Hi all, I'm having a dilemma that maybe you can advise on. I have been accepted into the Associates Degree program at the Texas Culinary Academy (TCA) in Austin, TX, which includes the Le Cordon Bleu certification.

I've already had all my federal funding approved, but I'm having real difficulty in getting the private loan approved. I am now looking at the Culinary Arts Associates program at Austin Community College (ACC), which has been in place for thirteen years and seems to have a solid reputation. They are also accredited with the American Culinary Federation, and the tuition is about 3-4 times less expensive than TCA/Le Cordon Bleu.

My plan is to become expert in American barbecue (Texas, Kansas City and Carolinas techniques) and traditional American Southern cuisine (i.e. soul food, "home cooking", Low Country cuisine, etc.), then open a restaurant in Germany, Romania or elsewhere in Central or Eastern Europe, specializing in this cuisine. I want the quality and authenticity of the food to be the focus, so this will not be a "theme" restaurant where kitschiness is the main attraction.

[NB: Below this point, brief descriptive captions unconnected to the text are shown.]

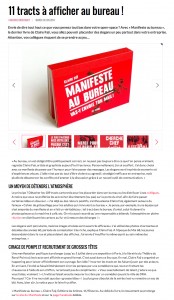 MARIE-FRANCE.fr _ Les slogans sont percutants et les images choisies très efficaces _ juin 2014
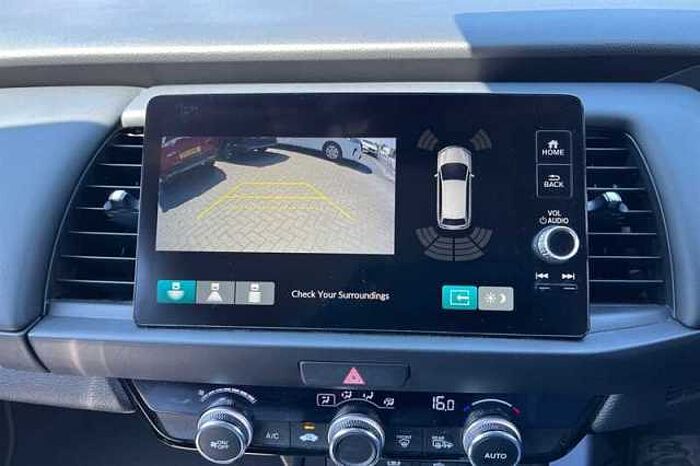 Honda Jazz Hybrid 1.5 I-MMD HYBRID SR 5DR ECVT 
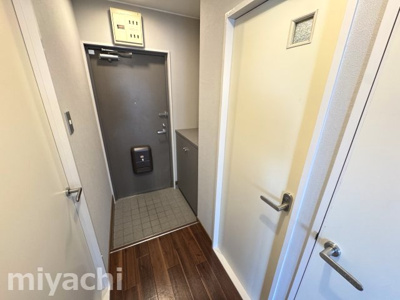 【玄関】 | サンステージ北沖洲I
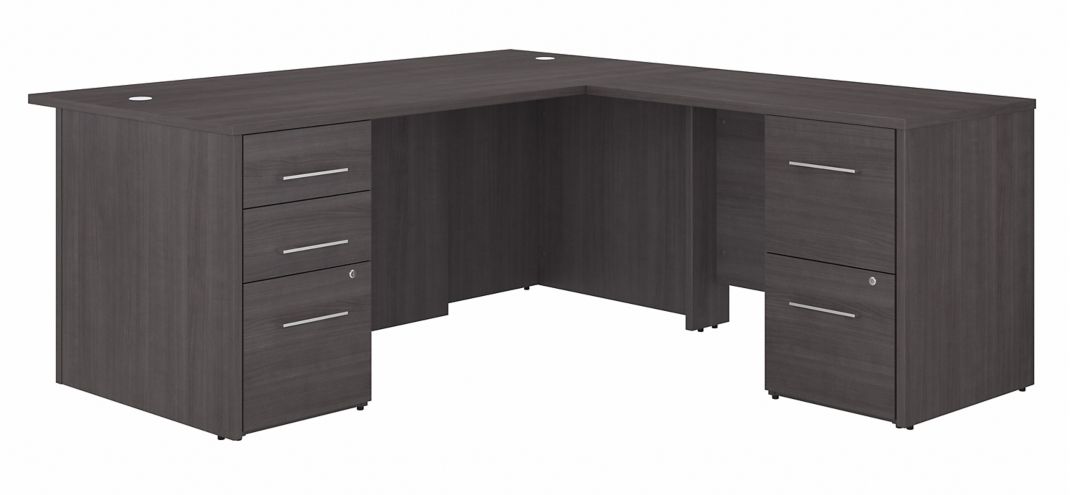 Office 500 72W Executive Desk w/ Drawers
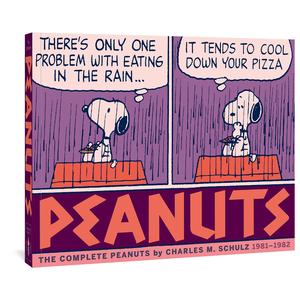 Complete Peanuts Volume 16: 1981-1982 Best Wholesale Online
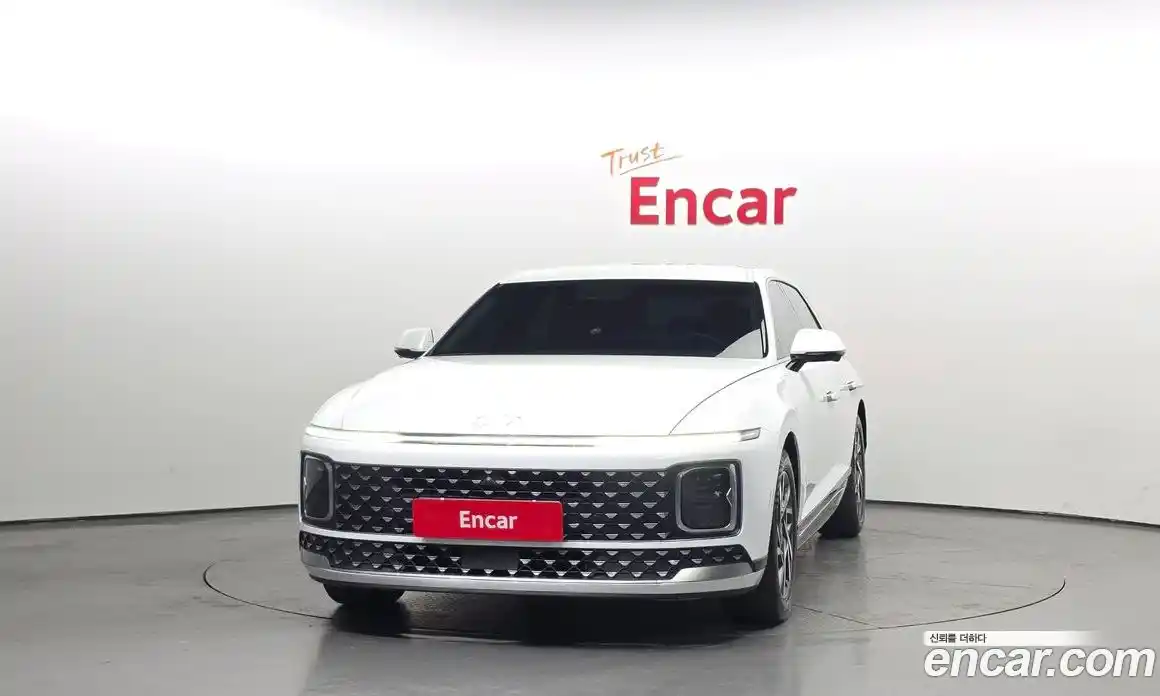 Hyundai Grandeur 2023 2.5 Автомат в Москве № 583520, фото 3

Aside from the desire to get the formal chef's training - I've been cooking this kind of food for most of my life, but I am basically self-taught - my reasoning has been that the Le Cordon Bleu certification will help me be taken seriously in Europe. But is it really worth the price, and will anyone outside of France even care? The TCA program is top-notch, but the ACC program also seems to be pretty good.

I guess my question is this: For what I want to accomplish - to become expert in fine-dining quality American Southern cuisine and barbecue, then open a restaurant in Central or Eastern Europe - is the Le Cordon Bleu certification really worth the additional expense? Maybe I could use the money saved, by instead attending ACC, to take some specialty courses and/or apprenticeships in the cuisine I want to become expert in?

Any help or advice would be very appreciated, especially from any European chefs or graduates of either TCA or ACC.